> _ACTIVITY_: Below are some records. Return exactly their lines from the one containing "Minichamps 1:43 Porsche" through the one containing "فندق 西塘明清雕花大院尊闻堂百寿厅庭院民宿", and drop the pictures.

> _EXTRACTED INFORMATION_:
= = = =

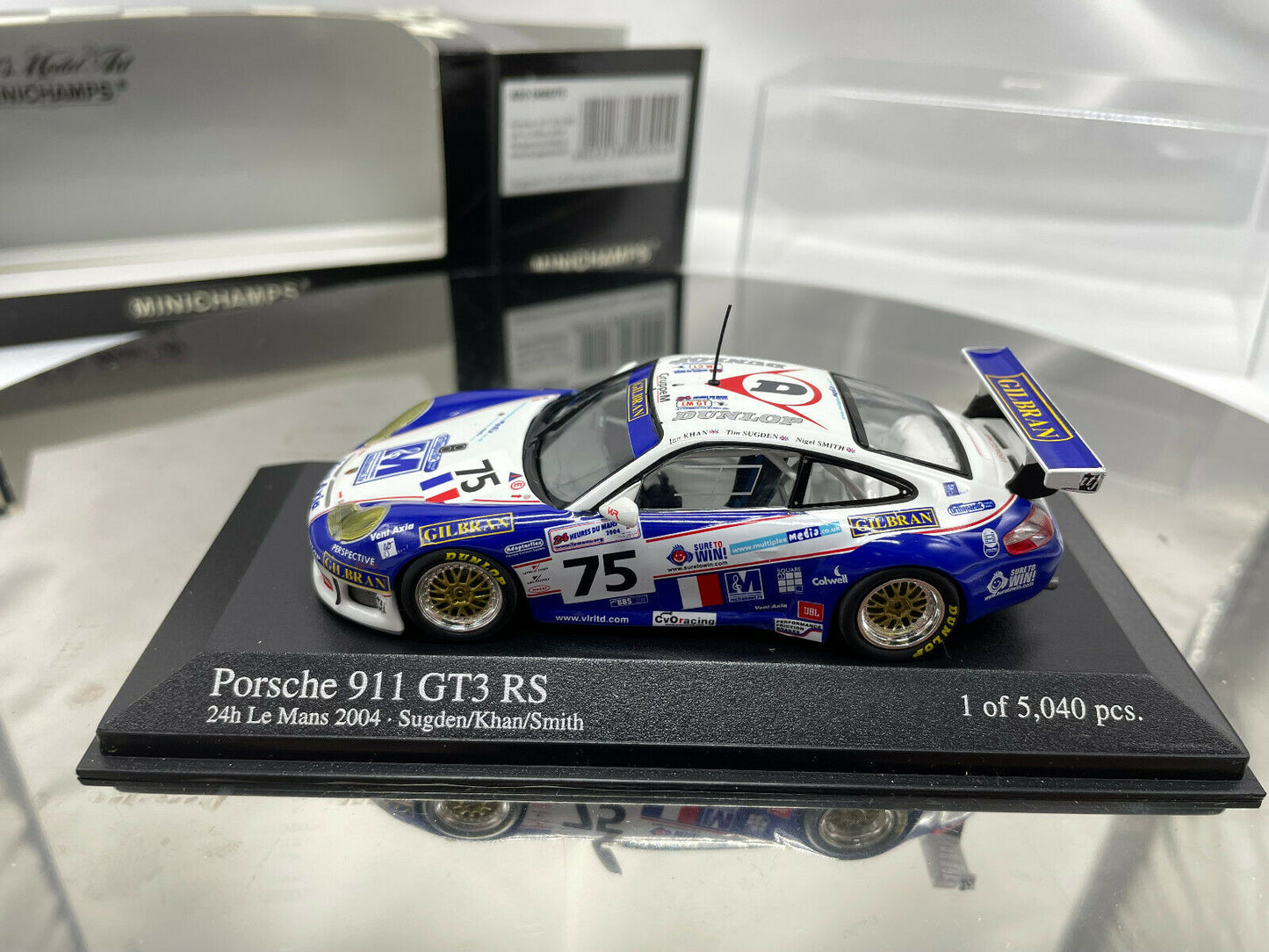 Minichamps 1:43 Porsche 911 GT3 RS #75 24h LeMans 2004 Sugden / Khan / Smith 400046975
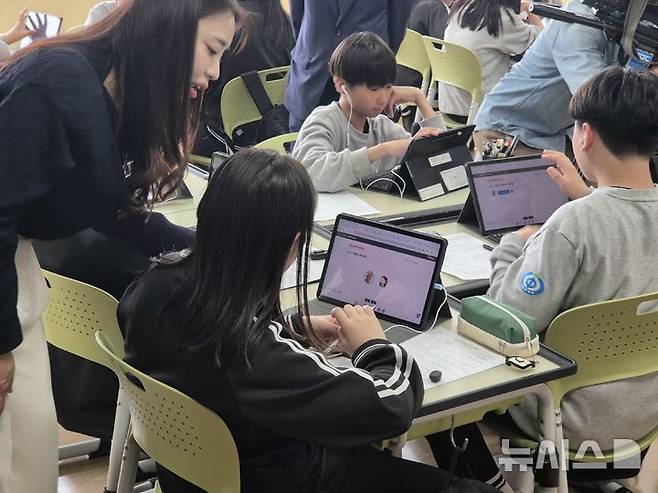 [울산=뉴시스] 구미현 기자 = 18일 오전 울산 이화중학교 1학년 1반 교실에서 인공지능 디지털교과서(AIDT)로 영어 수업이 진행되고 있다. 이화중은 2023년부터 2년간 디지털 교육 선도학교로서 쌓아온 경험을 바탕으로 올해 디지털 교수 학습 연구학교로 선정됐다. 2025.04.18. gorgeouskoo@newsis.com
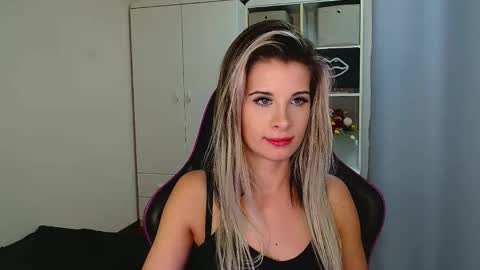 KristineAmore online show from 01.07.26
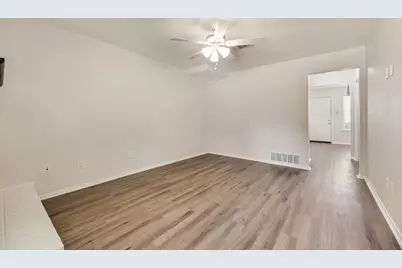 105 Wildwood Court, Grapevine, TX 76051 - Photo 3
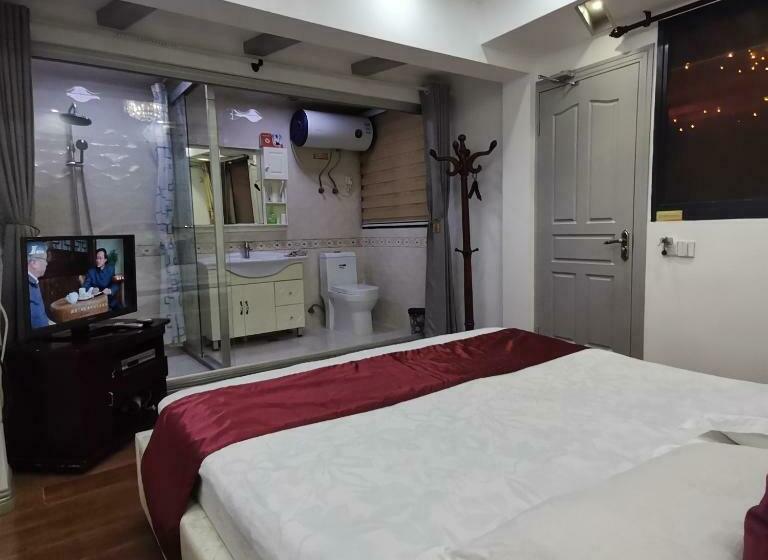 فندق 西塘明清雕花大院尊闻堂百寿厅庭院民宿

= = = =

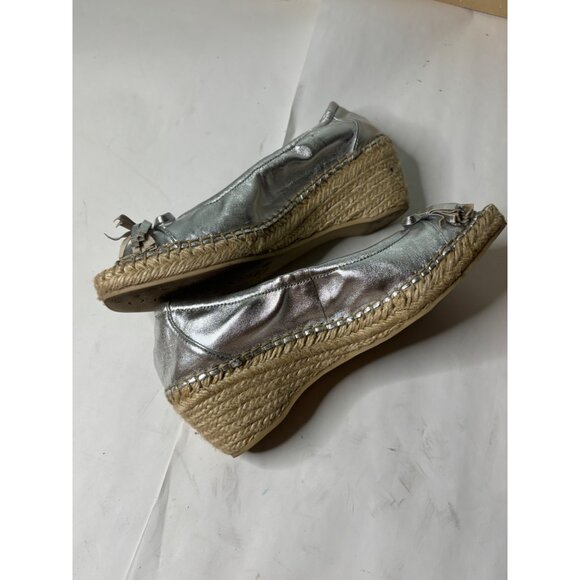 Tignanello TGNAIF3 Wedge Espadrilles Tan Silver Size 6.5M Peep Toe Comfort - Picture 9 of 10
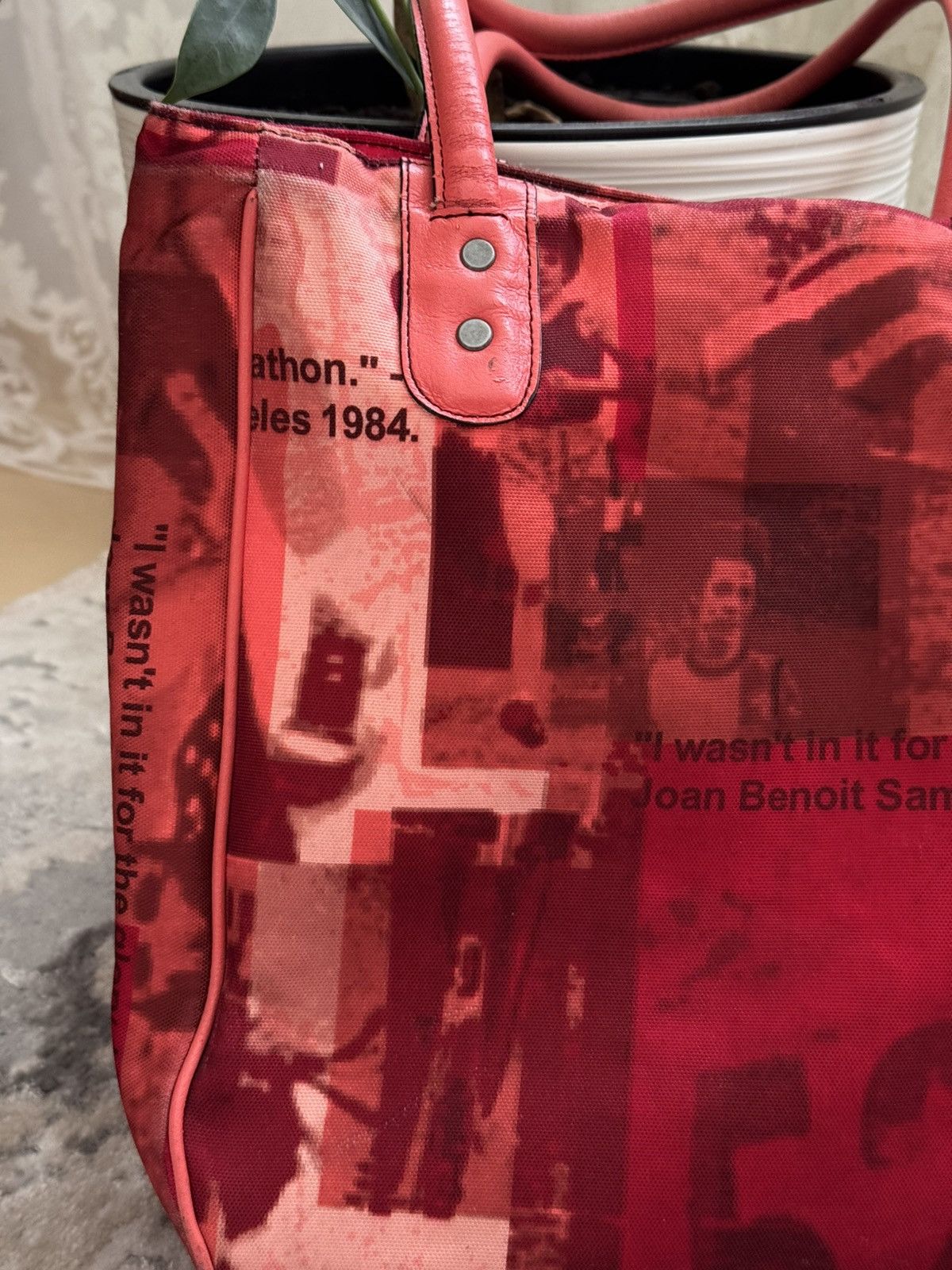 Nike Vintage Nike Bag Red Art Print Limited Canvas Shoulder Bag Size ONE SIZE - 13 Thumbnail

= = = =

> _ANSWER TO THIS EXERCISE_:
 Minichamps 1:43 Porsche 911 GT3 RS #75 24h LeMans 2004 Sugden / Khan / Smith 400046975
 [울산=뉴시스] 구미현 기자 = 18일 오전 울산 이화중학교 1학년 1반 교실에서 인공지능 디지털교과서(AIDT)로 영어 수업이 진행되고 있다. 이화중은 2023년부터 2년간 디지털 교육 선도학교로서 쌓아온 경험을 바탕으로 올해 디지털 교수 학습 연구학교로 선정됐다. 2025.04.18. gorgeouskoo@newsis.com
 KristineAmore online show from 01.07.26
 105 Wildwood Court, Grapevine, TX 76051 - Photo 3
 فندق 西塘明清雕花大院尊闻堂百寿厅庭院民宿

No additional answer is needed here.